Development of Syalons

Silicon nitride (Si3N4) was discovered in the mid-nineteenth century and caused no excitement among the engineering fraternity of the day. The problem was that Si3N4 does not lend itself to ease of fabrication.

Over the next century two principle routes for fabricating Si3N4 ceramics were developed: hot pressing and reaction bonding.

Hot pressed Si3N4 (HPSN), was made by adding a flux (usually magnesia, MgO) to a fine Si3N4 powder and then pressing the powder in a graphite die at high pressure and temperature. The resultant HPSN body, although fully dense and extremely strong, could only be made into simple shapes which would then require expensive diamond grinding to obtain the desired profile.

Reaction bonded Si3N4 (RBSN), was made by carefully nitriding a silicon (Si) 'dough' to produce a formed piece of Si3N4. This RBSN body was porous and low strength, but it was refractory and could be formed in to relatively complex shapes.

Both these materials therefore had significant drawbacks. Then, in the early 1970s came a revolutionary breakthrough which made scientists and engineers alike sit up and take notice. This discovery was made independently at Newcastle University in the UK by Jack and Wilson (Ian Wilson was our late M.D.) and in Japan by Osana et al. This breakthrough was the discovery of sialon, an alloy of Si3N4. This was the first known man-made ceramic alloy and in 1972 the first Patent was granted for sialon materials under the names of Jack and Wilson.

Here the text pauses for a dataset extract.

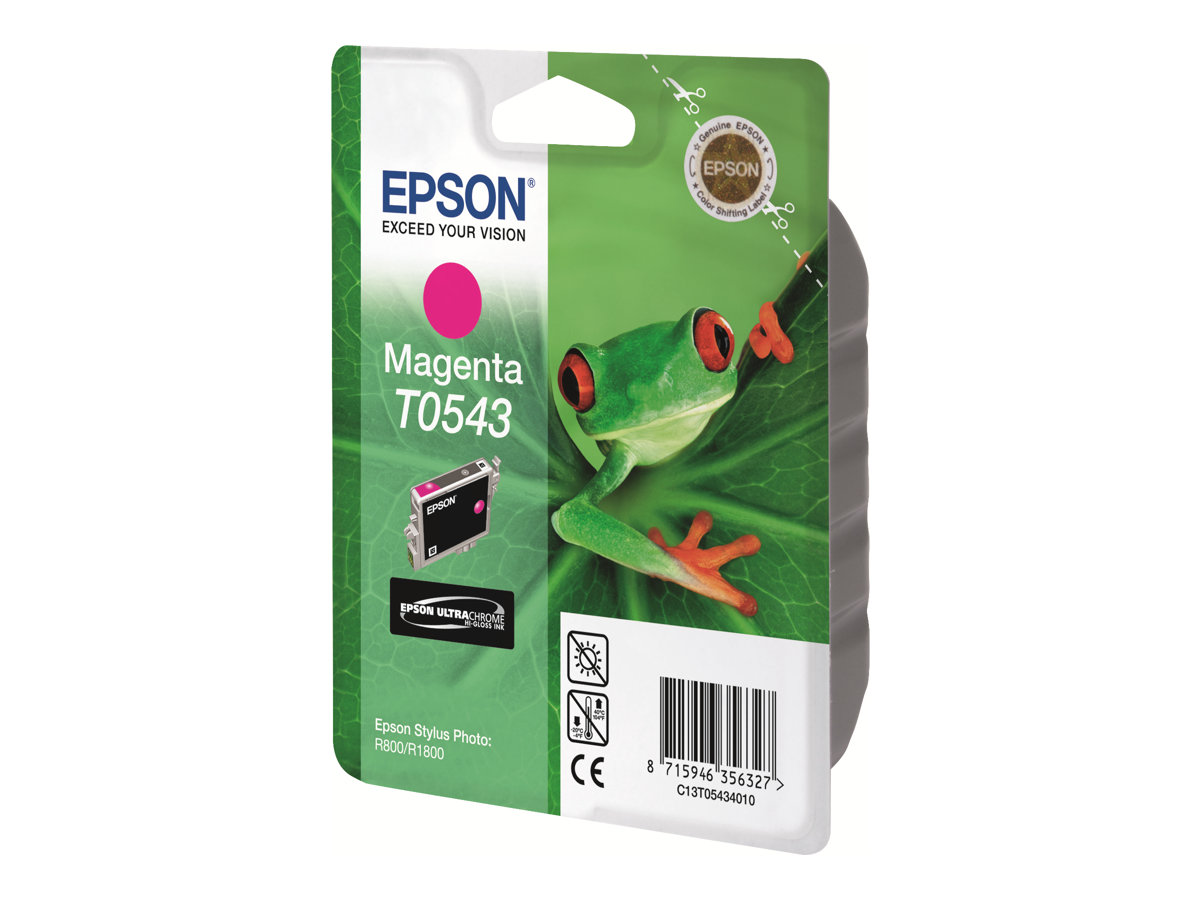 Epson T0543 magenta original ink Product shot Front 79800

The term 'sialon' describes silicon-aluminium-oxynitride alloys of silicon nitride. Further work on these alloys soon showed that the days of having to hot press or reaction bond Si3N4 to get a useful body were over. By making additions of rare earth oxides such as yttria (Y2O3), fully dense, pressureless sinterable materials could be produced.

Over the next two decades the sialon system was meticulously studied resulting in the modern day sialons as manufactured by International Syalons under the trade name Syalon.